• Try it
Each line of the data must be written out again verbatim; no image belongs in the copy.

[Dataset entries]
__________________________________________________

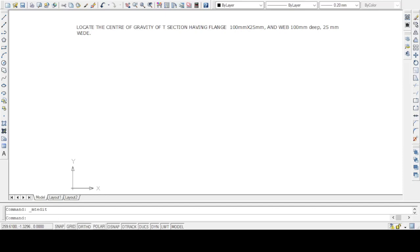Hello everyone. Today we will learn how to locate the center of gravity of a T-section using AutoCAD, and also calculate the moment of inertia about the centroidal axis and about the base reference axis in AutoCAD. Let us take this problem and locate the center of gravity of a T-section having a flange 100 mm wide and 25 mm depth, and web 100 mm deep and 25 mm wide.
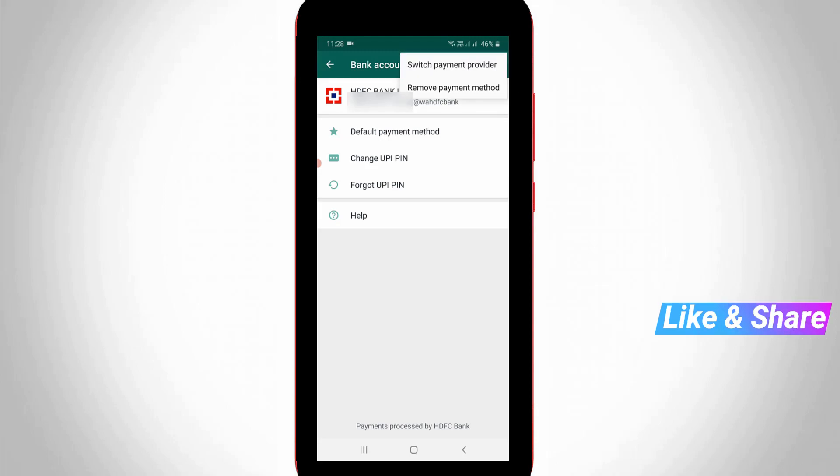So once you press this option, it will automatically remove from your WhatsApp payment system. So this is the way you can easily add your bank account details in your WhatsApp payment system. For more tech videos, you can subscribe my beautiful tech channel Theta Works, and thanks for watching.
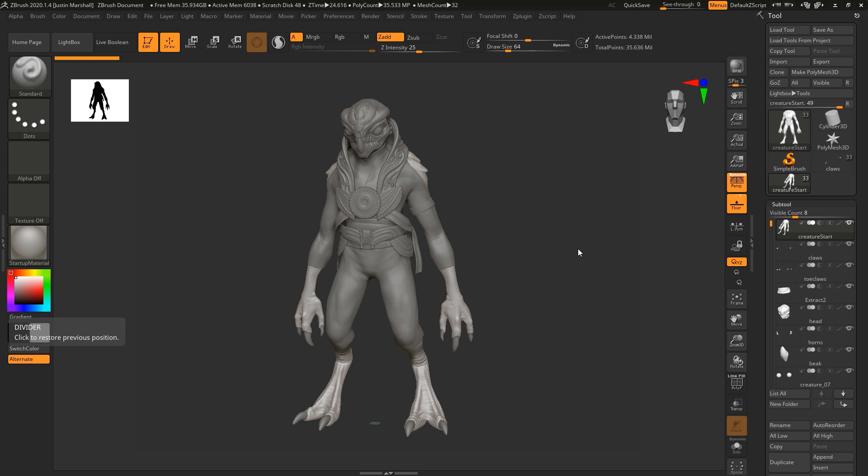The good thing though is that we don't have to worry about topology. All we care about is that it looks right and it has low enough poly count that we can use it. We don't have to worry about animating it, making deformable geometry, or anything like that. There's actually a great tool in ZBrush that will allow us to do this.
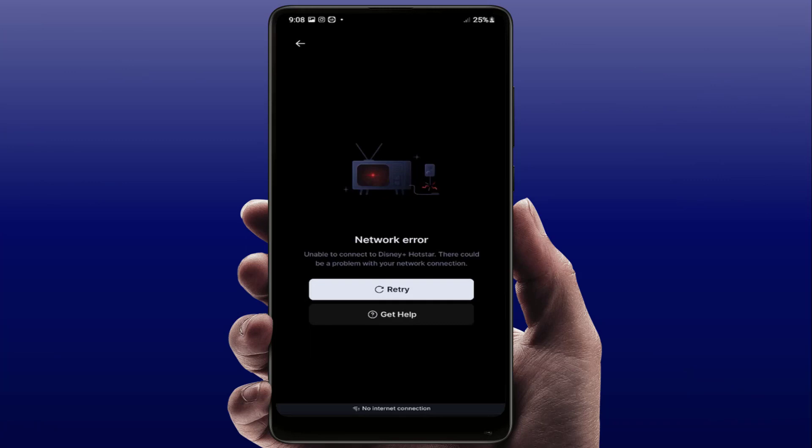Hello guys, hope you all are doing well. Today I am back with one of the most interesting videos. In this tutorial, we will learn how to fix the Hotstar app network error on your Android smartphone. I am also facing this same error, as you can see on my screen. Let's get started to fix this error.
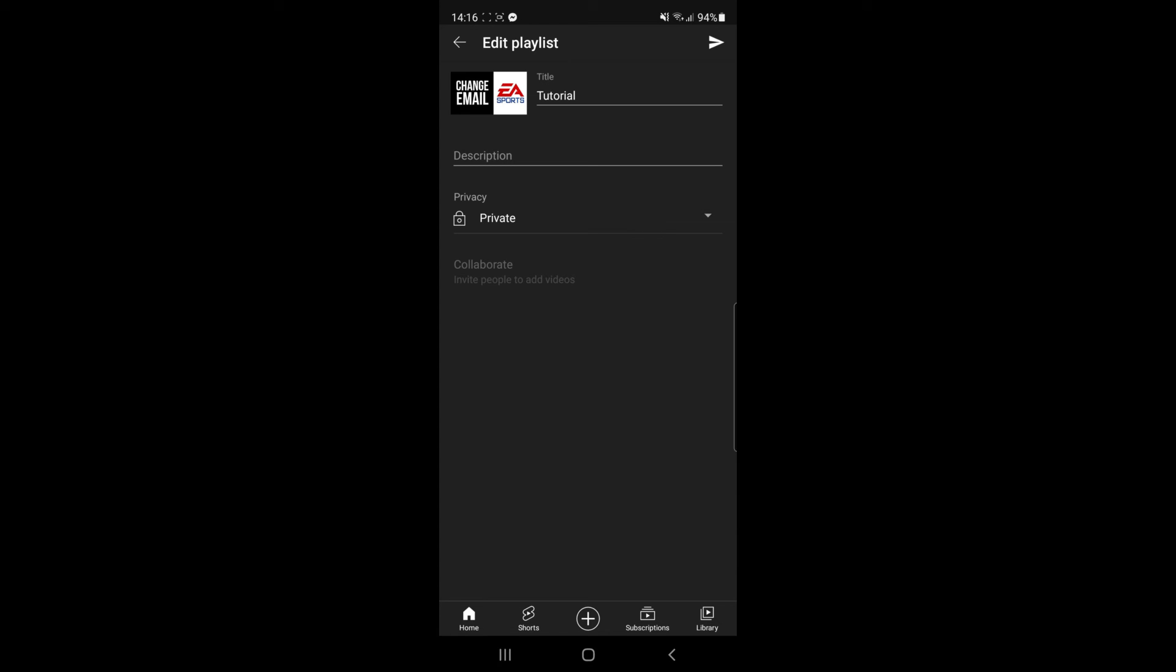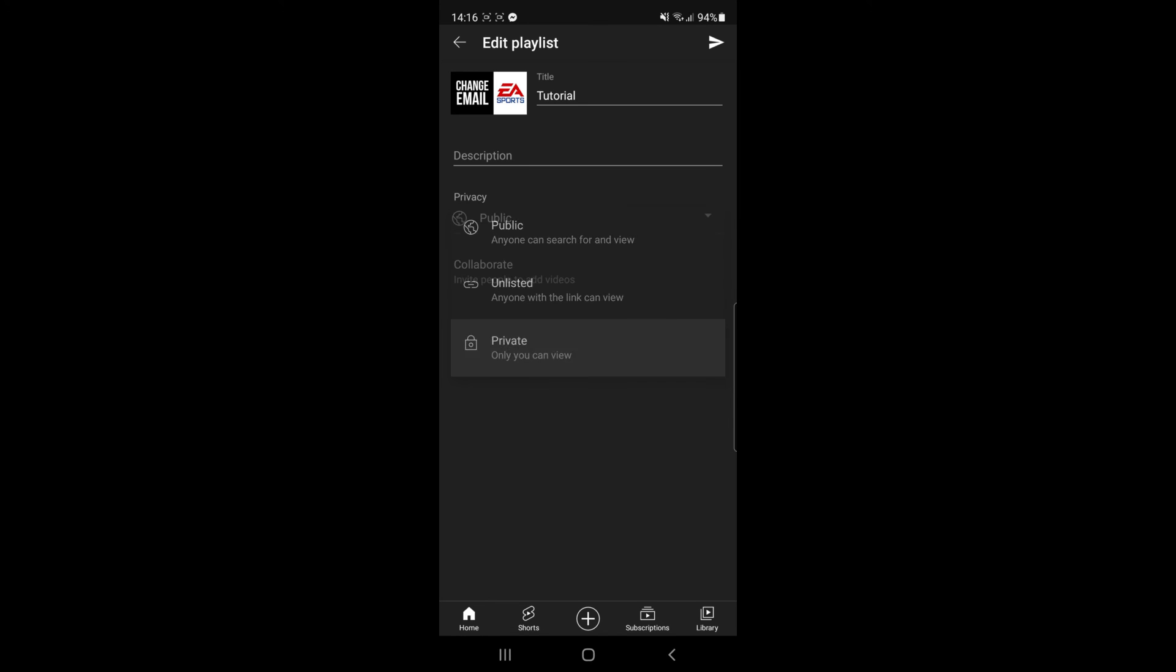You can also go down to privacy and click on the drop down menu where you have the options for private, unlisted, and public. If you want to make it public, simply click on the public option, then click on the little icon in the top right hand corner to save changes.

__________________________________________________

• Response for this exercise
Hello everyone. Today we will learn how to locate the center of gravity of a T-section using AutoCAD, and also calculate the moment of inertia about the centroidal axis and about the base reference axis in AutoCAD. Let us take this problem and locate the center of gravity of a T-section having a flange 100 mm wide and 25 mm depth, and web 100 mm deep and 25 mm wide.
So once you press this option, it will automatically remove from your WhatsApp payment system. So this is the way you can easily add your bank account details in your WhatsApp payment system. For more tech videos, you can subscribe my beautiful tech channel Theta Works, and thanks for watching.
The good thing though is that we don't have to worry about topology. All we care about is that it looks right and it has low enough poly count that we can use it. We don't have to worry about animating it, making deformable geometry, or anything like that. There's actually a great tool in ZBrush that will allow us to do this.
Hello guys, hope you all are doing well. Today I am back with one of the most interesting videos. In this tutorial, we will learn how to fix the Hotstar app network error on your Android smartphone. I am also facing this same error, as you can see on my screen. Let's get started to fix this error.
You can also go down to privacy and click on the drop down menu where you have the options for private, unlisted, and public. If you want to make it public, simply click on the public option, then click on the little icon in the top right hand corner to save changes.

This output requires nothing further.